What Is the Core Curriculum of an Accounting Degree?

Accounting is frequently offered at the bachelor's and master's degree levels. It may be offered as a major or as a concentration option through degree programs in business administration. Graduates from an accounting program are typically prepared for business and management careers that require an understanding of finance. Read on for information about the core curriculum in undergraduate and graduate programs, and for career information. Schools offering Accounting degrees can also be found in these popular choices.

Accounting Degree Overview

An accounting degree gives students an understanding of basic business and accounting practices, and it can prepare students to move forward in professional careers as accountants or business managers. Students holding a bachelor's degree in accounting are prepared for entry-level positions in government, industry, corporate and public accounting, while a master's degree program can prepare graduates for management positions.

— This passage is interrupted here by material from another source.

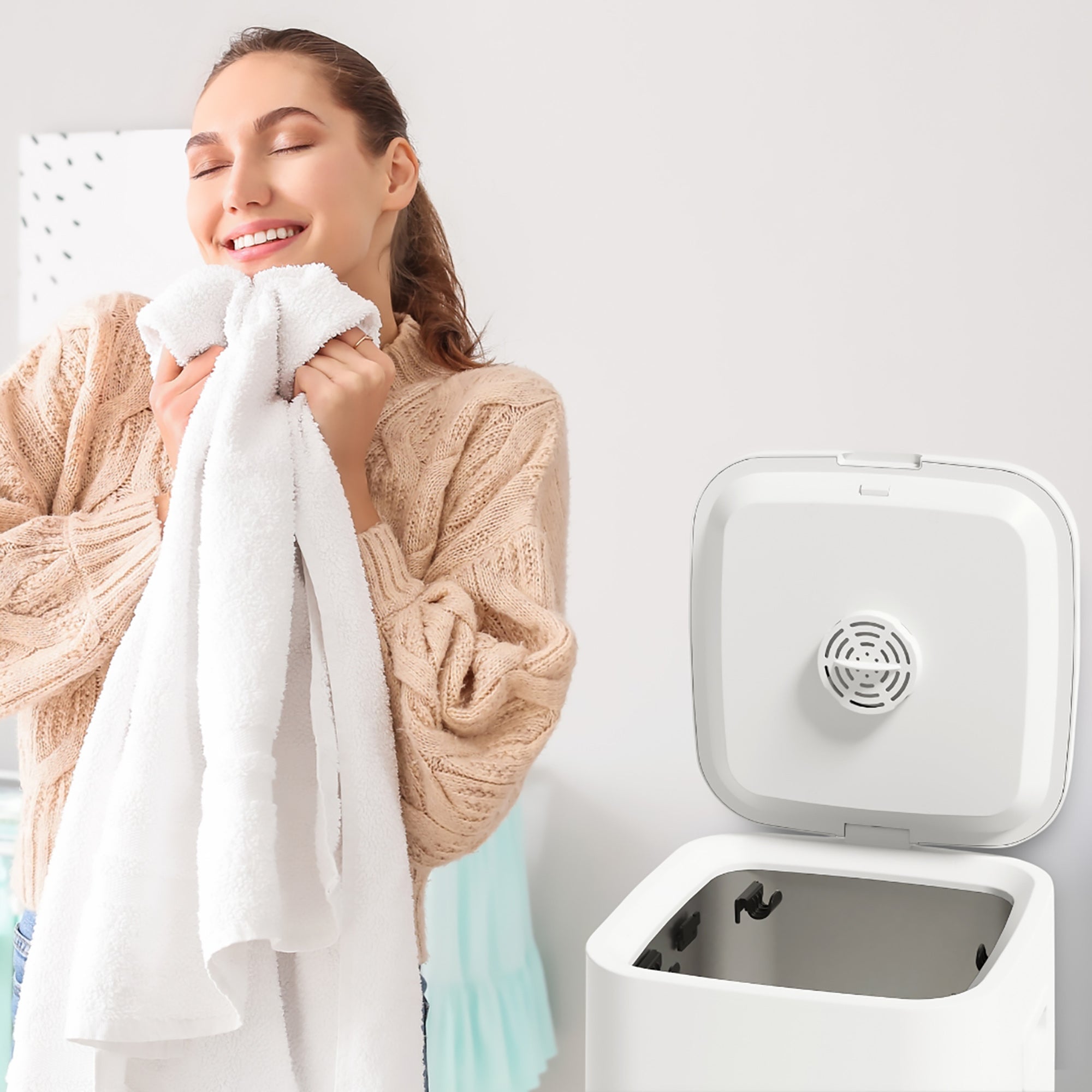 Luxury Towel Warmer Bucket with LED Display - GilloServ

Important Facts About the Core Curriculum of an Accounting Degree Concentration

Common Courses Cost accounting, accounting research, auditing principles, financial reporting, financial analysis
Programs Enterprise Risk Management, Tax and Auditing
Prerequisites GMAT exam
Online Availability Blended online coursework and traditional education

Bachelor's Degree

You may be able to select accounting as a specialization area within a Bachelor of Science in Business or a Bachelor of Business Administration degree program. Also, there are Bachelor of Science in Accounting degree programs, and these may even offer emphasis areas, like in financial analysis, internal auditing, accounting information systems or managerial accounting. Core courses in an accounting baccalaureate program often include a set of basic business subjects, like business management, business communication, business research, finance and economics.

Here is a list of major accounting courses that may be offered:

  • Accounting systems
  • Financial accounting
  • Federal income taxes
  • Accounting software programs

Master's Degree

At the graduate level, you may be able to study accounting as a concentration through a Master of Business Administration, or you could complete a Master of Accounting or Master of Science in Accounting. Graduate programs may also offer concentration areas, like in information technology or risk management. At this level, programs often prepare you for the Certified Public Accountant (CPA) examination, which will be discussed in more detail further in this article.

In a master's degree program in accounting, you may study:

  • Business, corporate and investment taxes
  • Accounting information systems
  • Financial statements
  • Entrepreneurial finance and accounting

Career Opportunities

Completing an accounting degree program can prepare you for employment in a variety of accounting environments. For example, you may become a public accountant, financial accountant, government accountant, cost management accountant, tax accountant or accounting consultant. Furthermore, you may work as a budget analyst or an auditor. Master's degree holders may be able to move into higher-level positions within these job fields.

Licensure and Certification

You may become licensed as a Certified Public Accountant (CPA). Holding this designation is required if you will be doing accounting business with the Securities and Exchange Commission (SEC). Even if you don't work with the SEC, holding the CPA license can be advantageous in the job market. This certification is offered through the American Institute of Certified Public Accountants (AICPA). Earning it requires holding 150 hours of college credit and passing four examinations, though individual states may have additional requirements.

Additionally, there are several professional organizations that offer specialty certification. For example, you could become a Certified Management Accountant, Certified Internal Auditor, Certified Government Auditing Professional, Certified Information Technology Professional or Personal Finance Specialist. Each certification has a specific set of qualifying requirements.